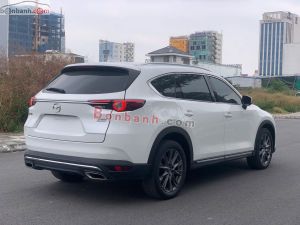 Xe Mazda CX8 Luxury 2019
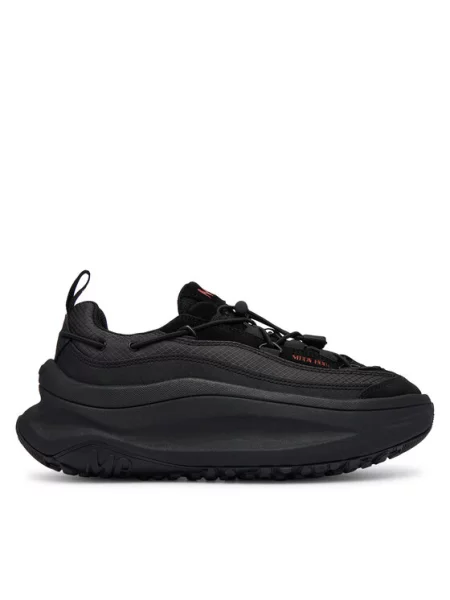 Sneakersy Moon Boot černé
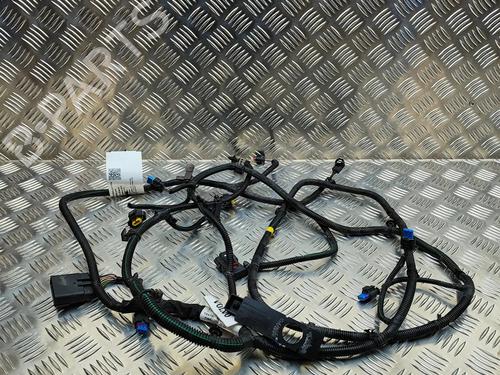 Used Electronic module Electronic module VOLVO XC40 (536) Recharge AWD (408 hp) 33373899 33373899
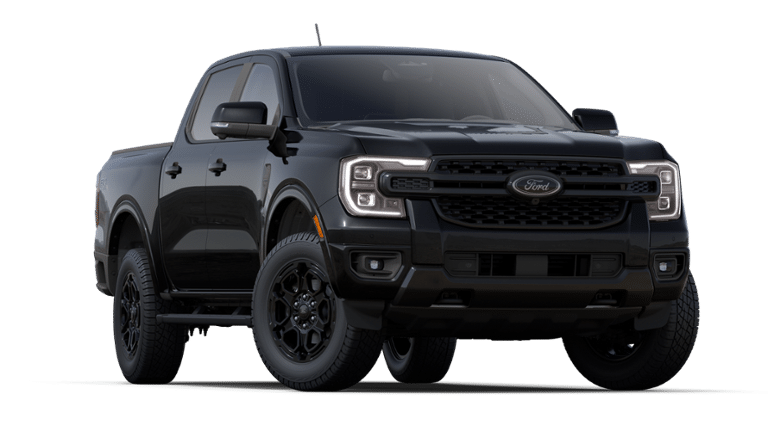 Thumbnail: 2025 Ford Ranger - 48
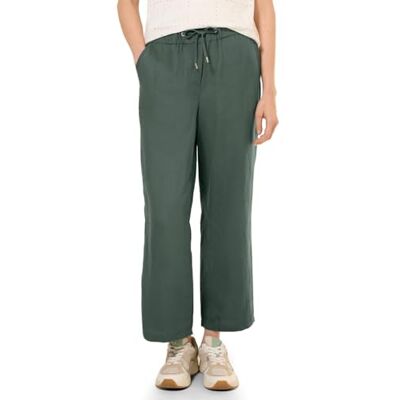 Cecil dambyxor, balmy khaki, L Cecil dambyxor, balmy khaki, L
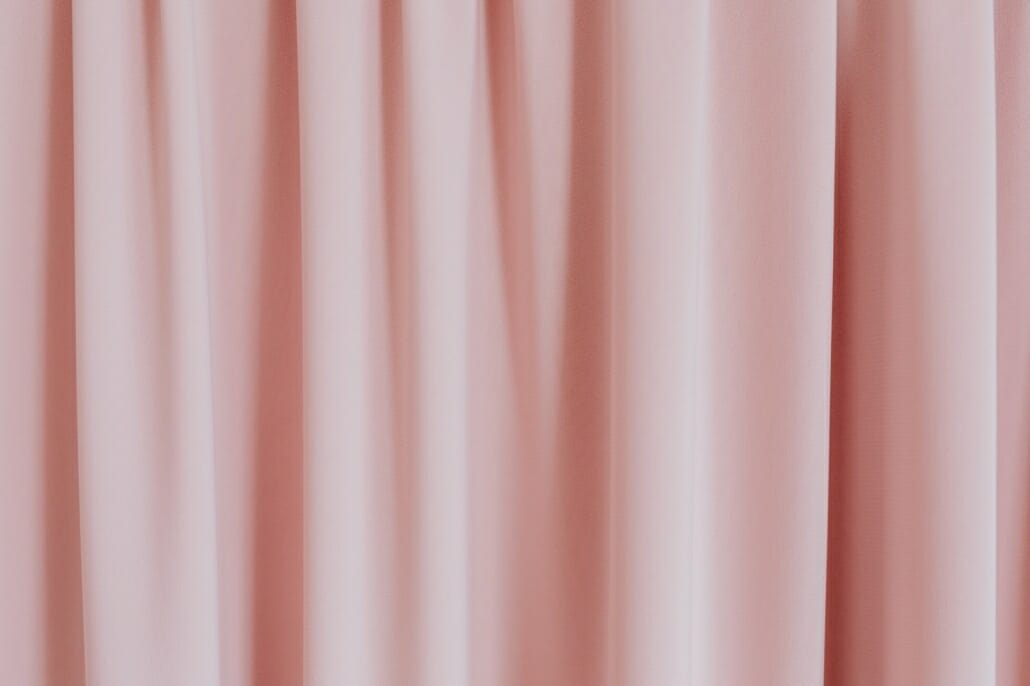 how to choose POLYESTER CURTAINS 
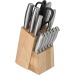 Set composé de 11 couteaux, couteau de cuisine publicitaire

==

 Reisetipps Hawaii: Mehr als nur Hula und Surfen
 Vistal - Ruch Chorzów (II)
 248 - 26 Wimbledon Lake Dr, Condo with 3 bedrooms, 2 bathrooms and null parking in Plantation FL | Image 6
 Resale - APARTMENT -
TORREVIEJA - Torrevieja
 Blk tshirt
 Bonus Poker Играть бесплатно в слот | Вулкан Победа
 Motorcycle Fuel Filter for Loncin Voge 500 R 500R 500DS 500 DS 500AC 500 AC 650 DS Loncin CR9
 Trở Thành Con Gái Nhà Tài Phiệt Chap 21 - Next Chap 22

* * *

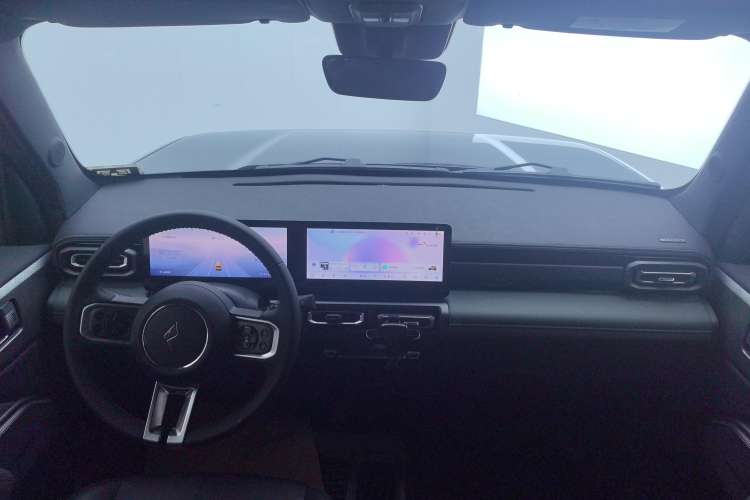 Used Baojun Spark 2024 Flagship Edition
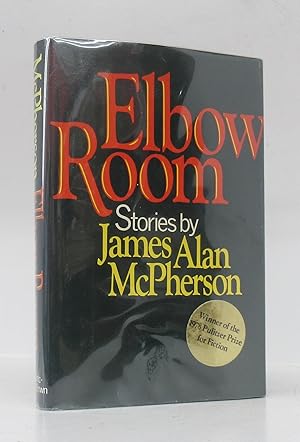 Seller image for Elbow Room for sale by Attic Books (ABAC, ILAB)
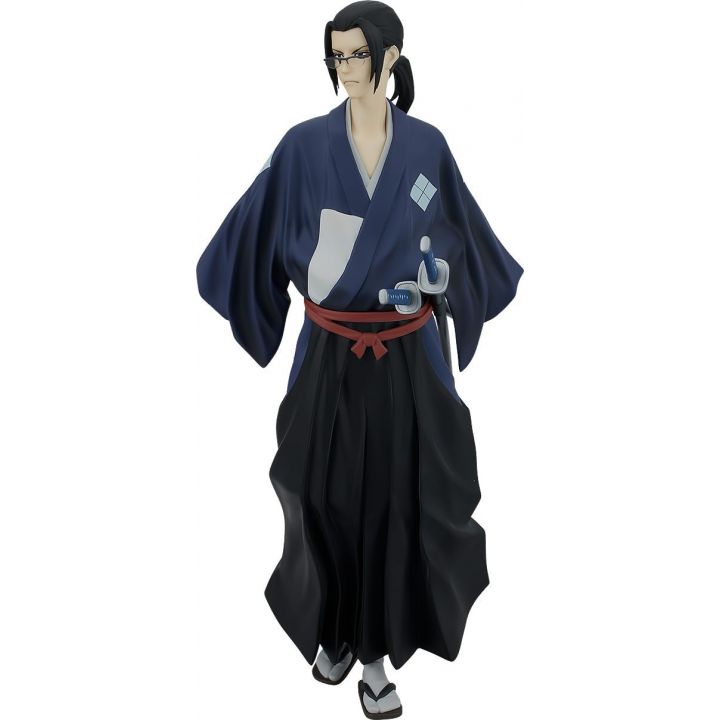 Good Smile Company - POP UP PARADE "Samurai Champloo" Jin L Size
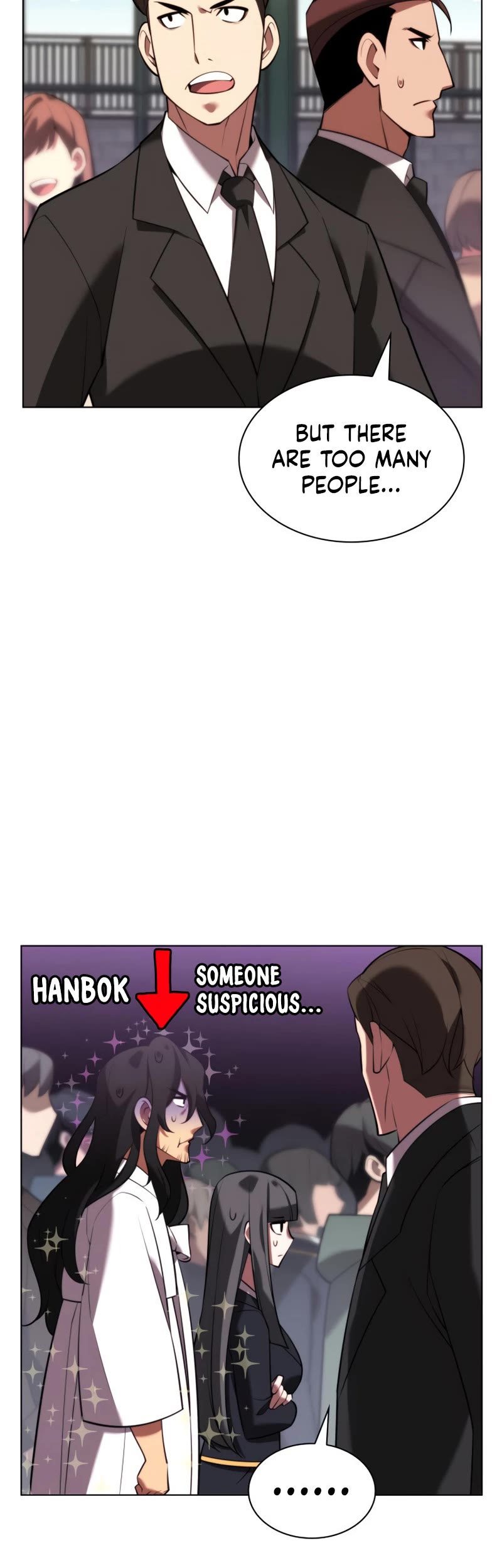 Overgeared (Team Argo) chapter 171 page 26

## Required work
From the records above, extract exactly and only the lines that begin at the line with "248 - 26 Wimbledon" and stop after the line with "Trở Thành Con".

## Exercise result
 248 - 26 Wimbledon Lake Dr, Condo with 3 bedrooms, 2 bathrooms and null parking in Plantation FL | Image 6
 Resale - APARTMENT -
TORREVIEJA - Torrevieja
 Blk tshirt
 Bonus Poker Играть бесплатно в слот | Вулкан Победа
 Motorcycle Fuel Filter for Loncin Voge 500 R 500R 500DS 500 DS 500AC 500 AC 650 DS Loncin CR9
 Trở Thành Con Gái Nhà Tài Phiệt Chap 21 - Next Chap 22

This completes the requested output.